### To do
The entries below contain pictures. Write out only the lines from the line with "GNC Pro Performance" up to and including the line with "Carlson - Natural", exactly, without them.

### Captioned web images
+===+

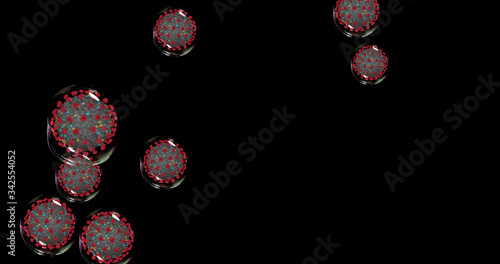 Coronavirus cells on black background . Small droplets with Covid-19 spread pathogens. 3D rendering 3D illustration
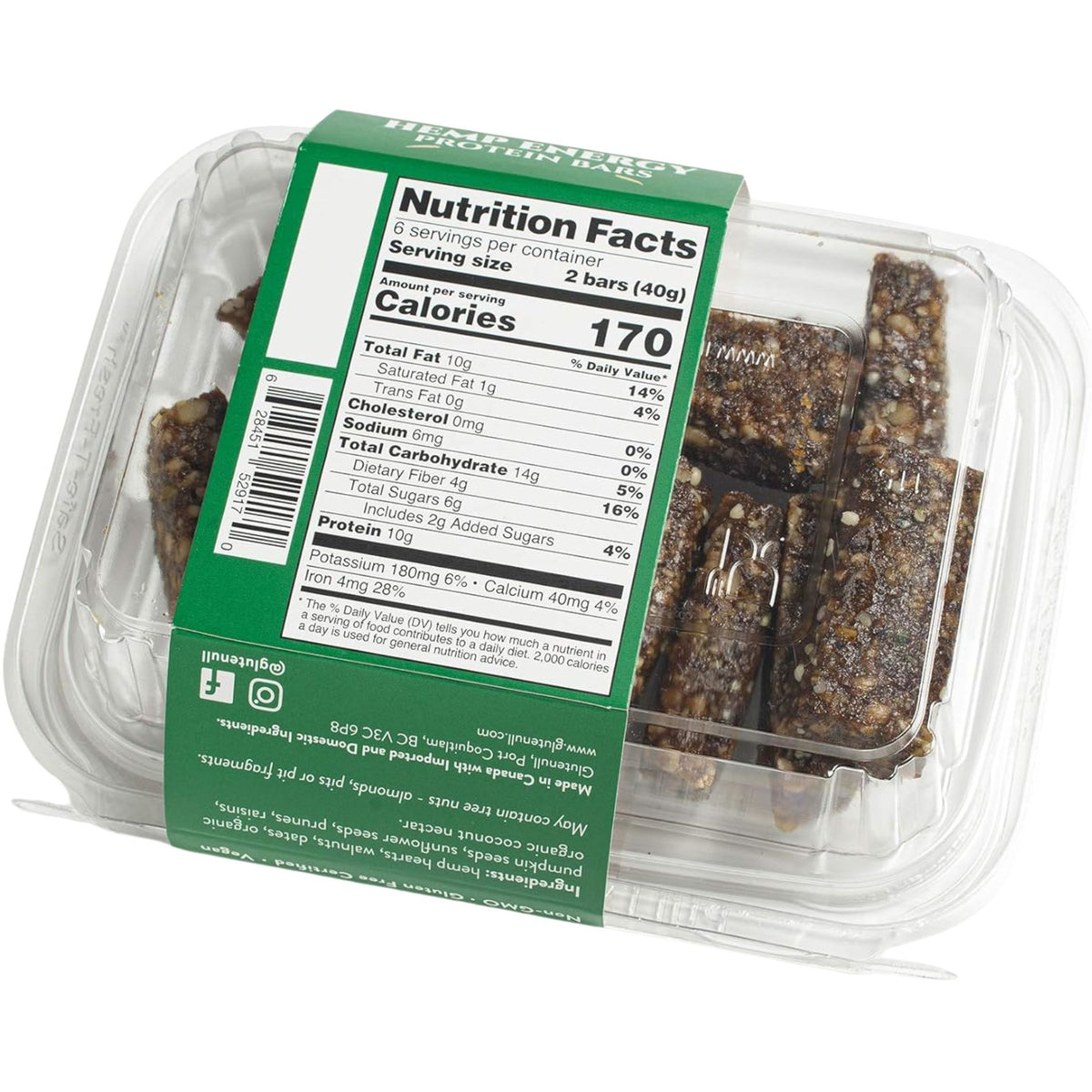 GluteNull Gluten Free Hemp Energy Protein Bars 240g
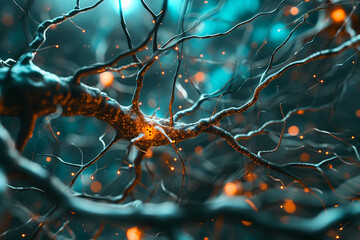 A close-up of a synapse firing, illustrating the transmission of signals between brain cells. Concept of neural communication. Abstract curly tendrils background - obrazy, fototapety, plakaty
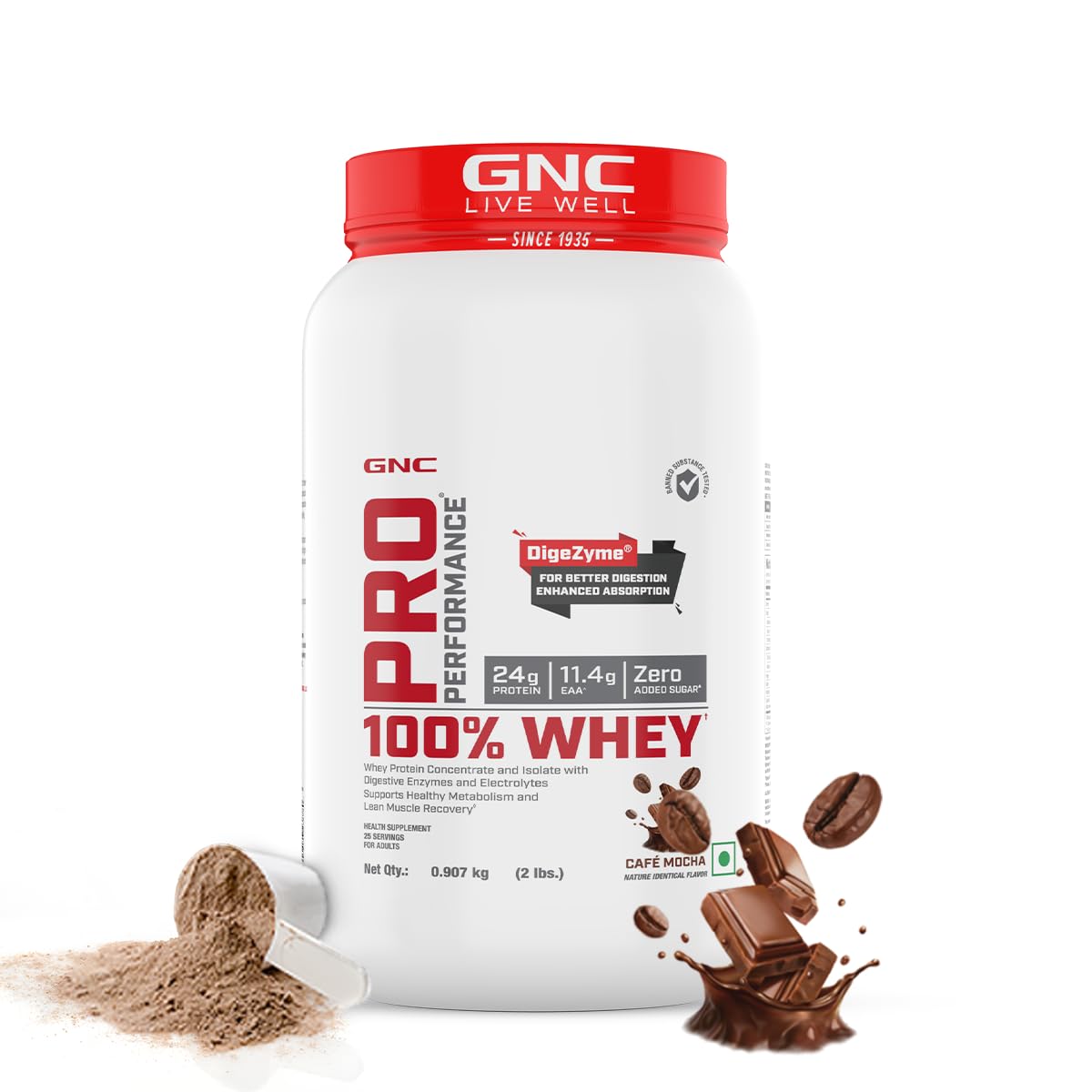 GNC Pro Performance 100% Whey Protein | Muscle Growth | Muscle Recovery | DigeZyme® For Easy Digestion | Informed Choice Certified | 24g Protein | 5.5g BCAA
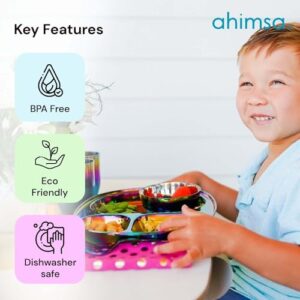 Ahimsa Stainless Steel Dinner Set - 5 Piece Mindful Mealtime Set | Pediatrician Designed Stainless Steel Plates for Kids, Toxin Free Stainless Steel Dinnerware Set | 100% BPA Free (Rainbow)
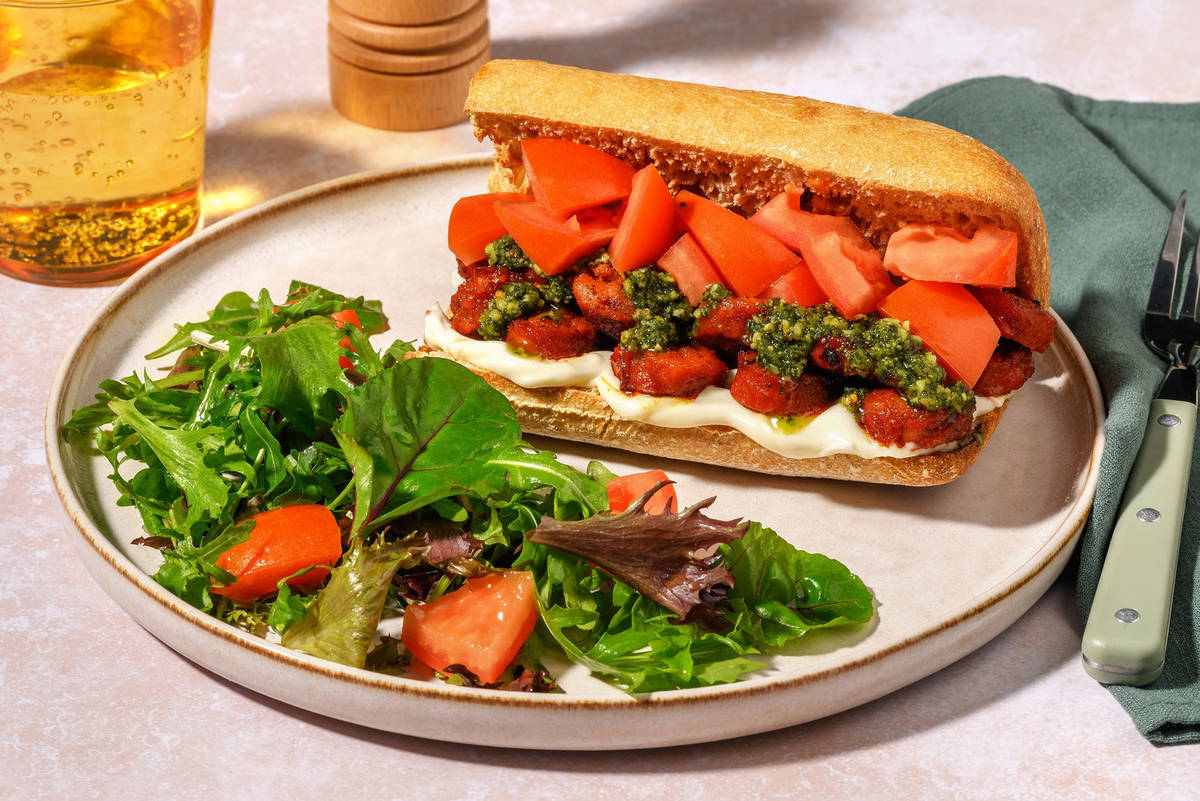 SuperQuick Choripán-Style Plant-Based Protein Shreds Sandwiches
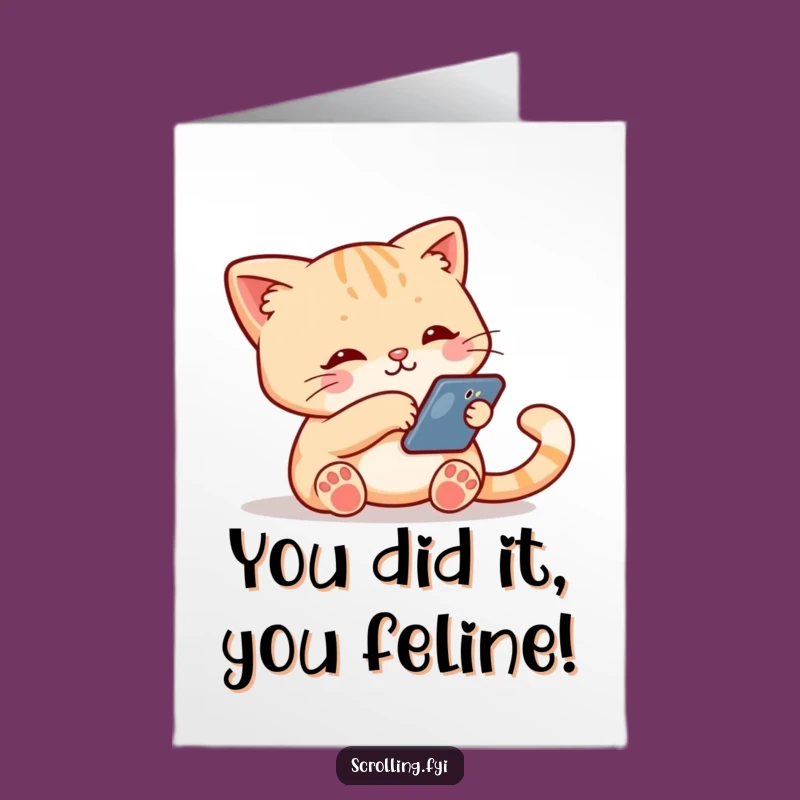 Free Printable Congratulations Card: Cat's Viral Moment, Awesome DIY Downloadable Gift!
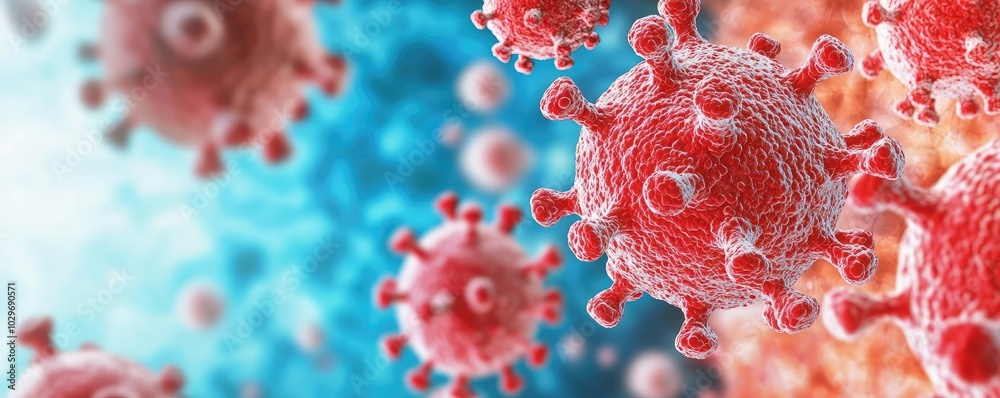 Aufkleber 3D rendering of virus particles on a colorful background.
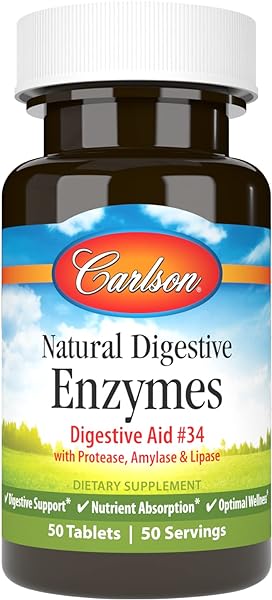 Carlson - Natural Digestive Enzymes, Digestive Aid #34 with Protease, Amylase & Lipase, Digestive Support, Nutrient Absorption & Optimal Wellness, 50 Tablets in Pakistan in Pakistan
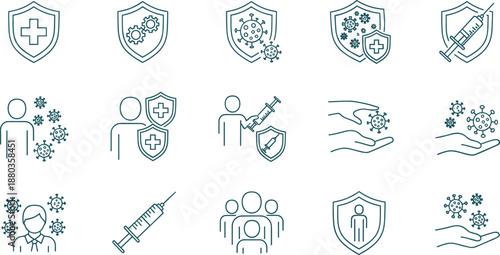 Health protection and immunity line icon set virus shield vaccine prevention medical flat vector illustration isolated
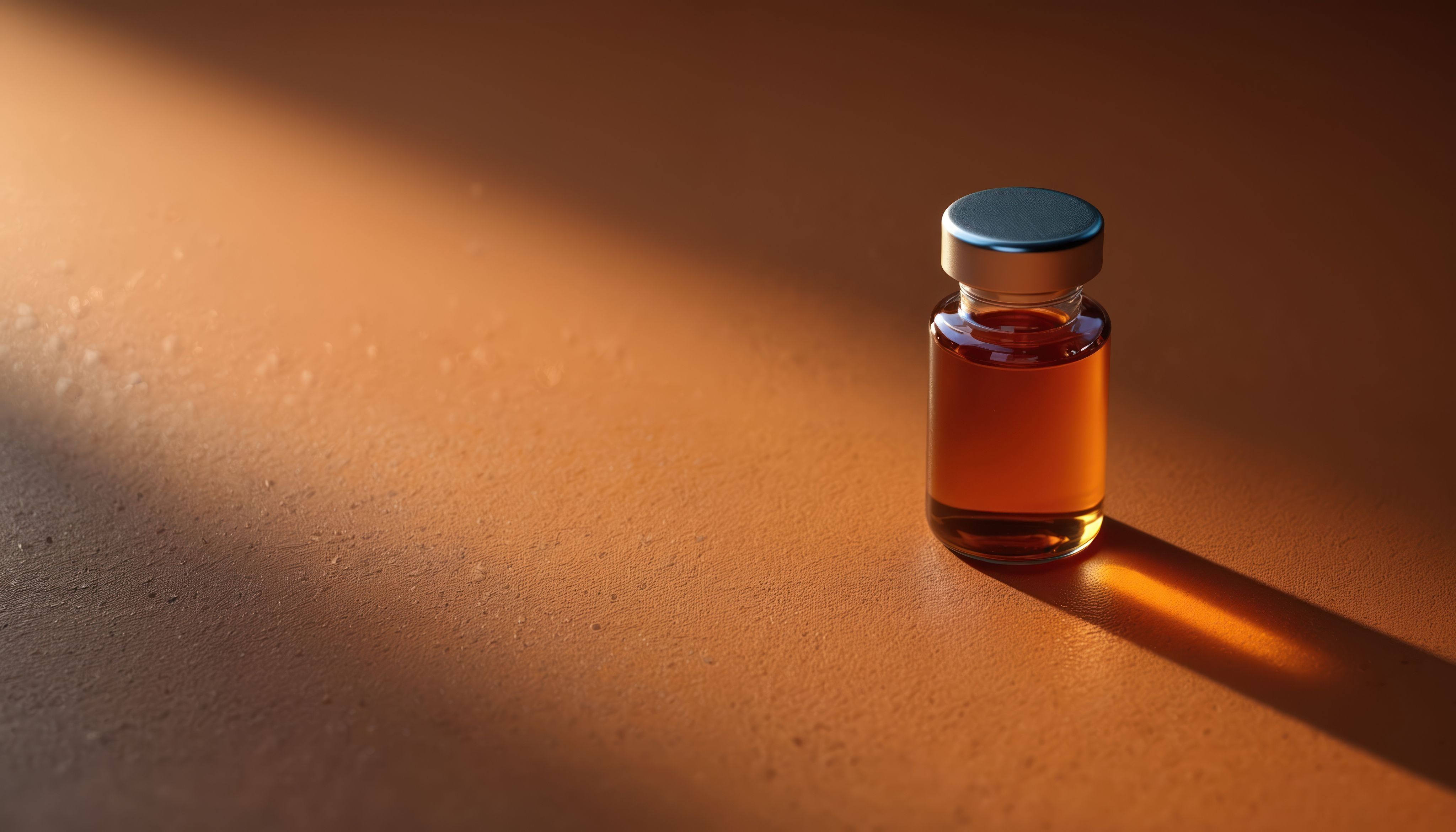 Amber peptide vial on a warm surface — personalized protocol imagery.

+===+

### Answer for this exercise
 GNC Pro Performance 100% Whey Protein | Muscle Growth | Muscle Recovery | DigeZyme® For Easy Digestion | Informed Choice Certified | 24g Protein | 5.5g BCAA
 Ahimsa Stainless Steel Dinner Set - 5 Piece Mindful Mealtime Set | Pediatrician Designed Stainless Steel Plates for Kids, Toxin Free Stainless Steel Dinnerware Set | 100% BPA Free (Rainbow)
 SuperQuick Choripán-Style Plant-Based Protein Shreds Sandwiches
 Free Printable Congratulations Card: Cat's Viral Moment, Awesome DIY Downloadable Gift!
 Aufkleber 3D rendering of virus particles on a colorful background.
 Carlson - Natural Digestive Enzymes, Digestive Aid #34 with Protease, Amylase & Lipase, Digestive Support, Nutrient Absorption & Optimal Wellness, 50 Tablets in Pakistan in Pakistan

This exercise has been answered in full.